Many SMEs in Field Services are still Conservative in Employing Mobility Solutions

by Kathryn Nassberg | 10/28/2014

Despite the buzz that surrounds enterprise mobility, the fact remains that a large percentage of SMEs have yet to integrate mobile software and hardware solutions into their line of business (LOB) applications. A recent survey from Software Advice, a company that researches and reviews field service solutions, revealed a surprisingly high number of respondents continue to rely on manual documentation, including paper and whiteboards for their LOB operations. Those who use software frequently rely on basic software like Excel and Quickbooks to handle operations for which they are not optimized.
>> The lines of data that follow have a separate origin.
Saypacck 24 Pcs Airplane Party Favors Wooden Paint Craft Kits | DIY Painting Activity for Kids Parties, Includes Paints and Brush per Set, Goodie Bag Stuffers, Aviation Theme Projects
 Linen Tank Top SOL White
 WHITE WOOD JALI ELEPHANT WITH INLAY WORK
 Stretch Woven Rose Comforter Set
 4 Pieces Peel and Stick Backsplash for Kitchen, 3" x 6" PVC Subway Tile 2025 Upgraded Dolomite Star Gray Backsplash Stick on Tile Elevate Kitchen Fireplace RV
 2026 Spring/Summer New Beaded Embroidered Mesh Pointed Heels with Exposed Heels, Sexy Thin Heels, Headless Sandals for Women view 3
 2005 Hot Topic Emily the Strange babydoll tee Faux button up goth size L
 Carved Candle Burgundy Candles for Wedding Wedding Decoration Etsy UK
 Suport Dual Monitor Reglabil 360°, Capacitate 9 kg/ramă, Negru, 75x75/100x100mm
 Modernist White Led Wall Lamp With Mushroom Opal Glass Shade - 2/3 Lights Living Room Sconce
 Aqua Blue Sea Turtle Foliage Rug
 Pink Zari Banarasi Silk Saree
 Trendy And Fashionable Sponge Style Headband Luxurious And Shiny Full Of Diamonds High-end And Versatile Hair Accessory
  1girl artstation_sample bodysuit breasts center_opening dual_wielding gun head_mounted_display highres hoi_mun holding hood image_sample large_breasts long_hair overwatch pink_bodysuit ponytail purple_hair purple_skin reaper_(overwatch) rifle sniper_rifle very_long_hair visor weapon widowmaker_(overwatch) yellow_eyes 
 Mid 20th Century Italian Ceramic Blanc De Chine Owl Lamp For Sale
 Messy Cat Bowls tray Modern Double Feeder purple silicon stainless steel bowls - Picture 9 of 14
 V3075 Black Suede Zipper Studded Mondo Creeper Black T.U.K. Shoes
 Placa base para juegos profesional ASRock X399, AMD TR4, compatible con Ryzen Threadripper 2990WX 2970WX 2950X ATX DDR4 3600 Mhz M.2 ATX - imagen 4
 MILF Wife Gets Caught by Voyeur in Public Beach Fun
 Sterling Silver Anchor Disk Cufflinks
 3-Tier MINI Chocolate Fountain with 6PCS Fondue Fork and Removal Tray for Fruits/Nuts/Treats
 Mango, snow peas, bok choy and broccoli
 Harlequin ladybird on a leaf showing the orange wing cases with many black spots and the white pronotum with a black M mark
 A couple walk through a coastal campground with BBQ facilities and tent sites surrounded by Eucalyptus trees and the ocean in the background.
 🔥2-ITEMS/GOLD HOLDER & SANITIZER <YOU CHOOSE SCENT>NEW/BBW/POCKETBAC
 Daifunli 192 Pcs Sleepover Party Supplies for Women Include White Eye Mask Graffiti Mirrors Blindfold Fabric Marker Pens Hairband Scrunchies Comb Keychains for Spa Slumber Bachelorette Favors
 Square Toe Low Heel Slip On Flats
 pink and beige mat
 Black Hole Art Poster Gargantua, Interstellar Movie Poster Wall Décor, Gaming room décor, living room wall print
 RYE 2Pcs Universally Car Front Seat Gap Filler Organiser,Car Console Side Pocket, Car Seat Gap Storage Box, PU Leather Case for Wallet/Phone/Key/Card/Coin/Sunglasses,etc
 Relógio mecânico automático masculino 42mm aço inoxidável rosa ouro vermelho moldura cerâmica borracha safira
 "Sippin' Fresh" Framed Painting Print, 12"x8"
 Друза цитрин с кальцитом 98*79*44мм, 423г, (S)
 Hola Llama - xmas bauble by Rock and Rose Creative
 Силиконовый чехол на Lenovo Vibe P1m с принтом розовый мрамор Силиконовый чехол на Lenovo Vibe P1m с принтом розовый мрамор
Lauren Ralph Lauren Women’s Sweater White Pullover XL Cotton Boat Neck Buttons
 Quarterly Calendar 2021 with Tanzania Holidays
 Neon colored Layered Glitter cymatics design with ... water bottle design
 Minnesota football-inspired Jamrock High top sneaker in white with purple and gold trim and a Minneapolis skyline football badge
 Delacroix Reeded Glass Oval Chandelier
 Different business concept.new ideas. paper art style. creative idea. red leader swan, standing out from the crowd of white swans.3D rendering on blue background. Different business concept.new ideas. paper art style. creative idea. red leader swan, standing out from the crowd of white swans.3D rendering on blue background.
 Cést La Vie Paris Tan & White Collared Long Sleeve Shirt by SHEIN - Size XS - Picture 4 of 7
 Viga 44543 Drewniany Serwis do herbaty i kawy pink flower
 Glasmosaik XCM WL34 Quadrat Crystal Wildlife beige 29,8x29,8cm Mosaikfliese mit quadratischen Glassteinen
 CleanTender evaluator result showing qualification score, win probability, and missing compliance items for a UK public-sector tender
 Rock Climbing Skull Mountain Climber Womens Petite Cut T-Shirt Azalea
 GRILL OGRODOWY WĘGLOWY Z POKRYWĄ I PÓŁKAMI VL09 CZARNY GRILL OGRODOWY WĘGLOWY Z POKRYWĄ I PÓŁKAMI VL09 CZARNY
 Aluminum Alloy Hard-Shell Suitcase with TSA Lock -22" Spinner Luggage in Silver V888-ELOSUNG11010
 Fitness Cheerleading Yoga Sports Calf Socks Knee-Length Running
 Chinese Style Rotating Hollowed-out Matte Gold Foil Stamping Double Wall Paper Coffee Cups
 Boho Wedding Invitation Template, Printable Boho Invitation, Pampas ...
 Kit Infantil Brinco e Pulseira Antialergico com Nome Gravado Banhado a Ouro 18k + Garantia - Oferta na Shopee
Often, this can be due to a combination of factors that include budgetary constraints, a lack of awareness of available solutions, and a tendency to stay with familiar ways of operating. The latter factor belies a conservative streak in many organizations that can transcend company size and lead to mobile deployments that run on decade-old technology. This is evidenced in the uptick of upgrades following the retirement of Windows XP as a Microsoft-supported OS. 


Software Advice’s findings are consistent with findings from VDC’s research, which shows that companies with fewer than 50 employees account for less than 20% of respondents with hardware and software deployments in field service settings. Frequently, the greatest barriers to entry are budgetary, as findings from a VDC end-user survey revealed that budget remains the top obstacle to implementing mobile solutions, particularly in smaller companies.


Organizations that do implement mobile solutions, though, are looking for operational gains from their workforce. VDC’s data shows that the single-greatest metric for measuring mobility solutions in field service applications is improved worker productivity, followed by improved worker communication and collaboration – findings that are consistent with Software Advice’s data, which shows that the top reason for purchasing software is to increase organization and efficiency. As a result, it does not come as a surprise that the top applications supported among VDC respondents include dispatch management and scheduling, asset management, maintenance & repair, and field sales, although there is a growing trend among respondents to flesh out the applications supported to improve customer loyalty and enhance their competitive differentiation.

As VDC has noted in previous reports, the key for vendors looking to continue the mobilization trend within field services will be in providing tactical rather than strategic support for potential clients.  Software Advice’s findings that an overwhelming majority (97%) of respondents wants an integrate suite to manage their business needs are in tune with the belief that SAP Bill McDermott underscored at this year’s SAP SapphireNOW: “In the end, the suite always wins. Always has. Always will.” We agree and see evidence of this in the M&A activity occurring within the mobile ecosystem.  However, while mobile enablement initiatives are underway in this industry vertical and others, there still is quite a way to go in terms of implementing the appropriate infrastructure and software for true mobile enablement for SMEs.